Young America, LLC
- Trade name: YA
- Formerly: Dile Corporation (1972-1973)
- Industry: Marketing
- Founded: 1972; 54 years ago in Plymouth, Minnesota
- Headquarters: Minneapolis, Minnesota, United States

= Young America, LLC =

Marketing service company

YA is a marketing services company with locations in the United States and Canada. The corporation handles rebates, enter to win, loyalty, sampling and channel incentive programs and business process outsourcing for a number of major clients.

== History ==
Originally named Dile Corporation, YA began in 1972 as a three-client promotion fulfillment company in Plymouth, Minnesota. In 1973, the corporation relocated to Young America, Minnesota, and took on the name of the town. In June 2015, the company renamed itself YA.

== Locations ==
YA is headquartered in Minneapolis. Additionally it has a Contact Center in Chatham-Kent, Canada.

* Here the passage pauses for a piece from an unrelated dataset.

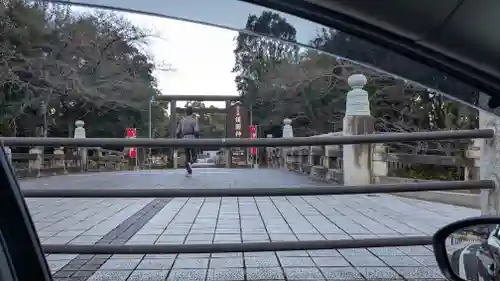 滋賀県護国神社(滋賀県)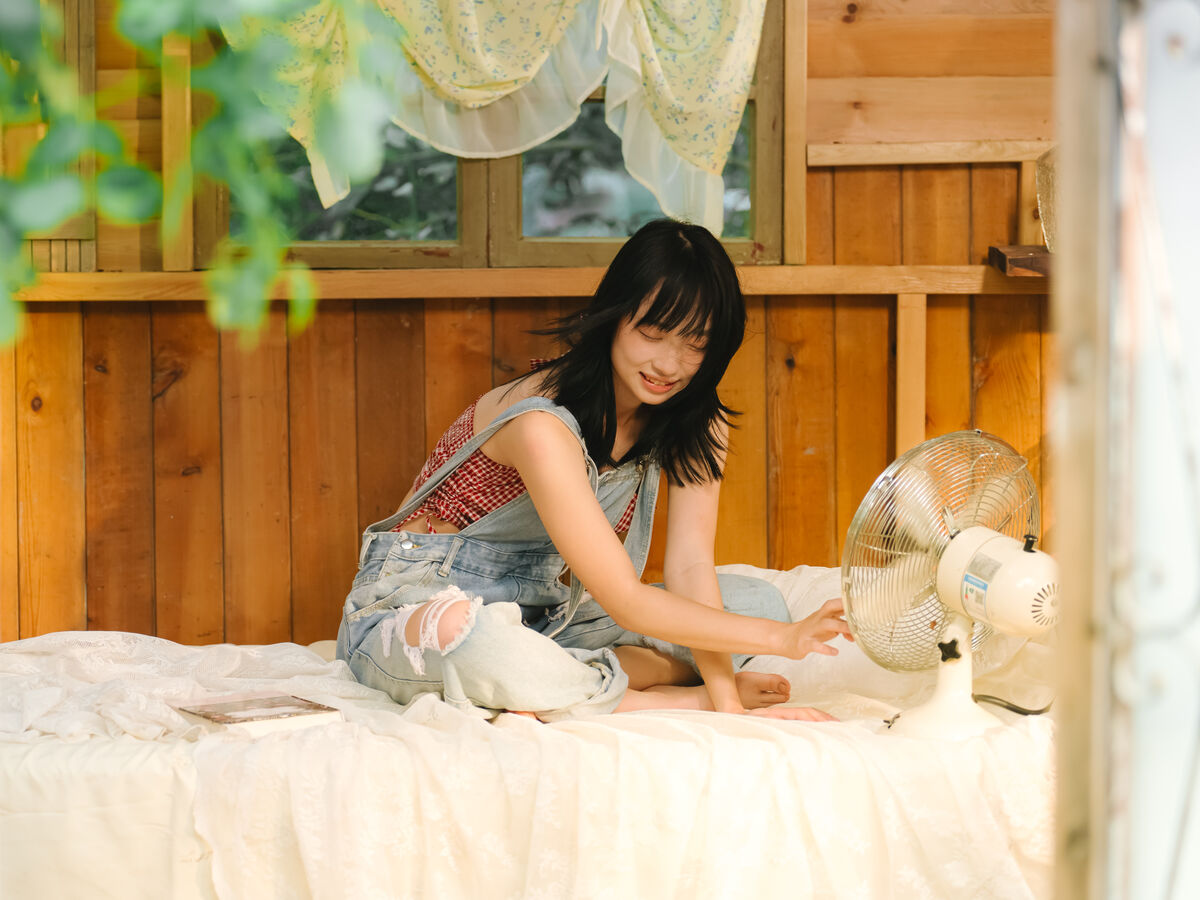 YiTuYu艺图语 Vol.9983 Xi Bo A 17 YiTuYu艺图语 Vol.9983 Xi Bo A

In April 2008, YA announced the scheduled closure of the call center in Thunder Bay, ON, transferring all call handling services to the Chatham-Kent center.

In June 2015, YA moved out of their Norwood Young America, MN and Edina, MN offices to the Lumber Exchange building in downtown Minneapolis.

== Criticism ==
On November 7, 2005, officials in Massachusetts filed suit against Young America demanding that they submit an audit for $43 million in uncashed rebate checks. Young America answered, saying that they keep the money in return for charging lower fees to their clients. They stated that it is easier for Young America to keep the money and charge lower fees, rather than sending the money back to the clients and in return having it returned to them as part of the fees. In response to questions from Business Week, the CEO stated "Young America receives the same fees whether a submission is valid or invalid." Massachusetts officials characterized the check retention as a conflict of interest nonetheless.

A similar suit was filed in Iowa in 2006, with officials again demanding an audit for money the corporation is supposedly withholding from the uncashed rebate checks.

Strict guidelines for rebate submissions are intended in part to combat fraudulent submissions. As of 2005, the corporation supposedly had over 10,000 addresses that they monitor for bogus submissions.

As of February 12, 2010, the lawsuit against Young America Corporation was dropped, as the retailers in question were held liable under Iowa state law.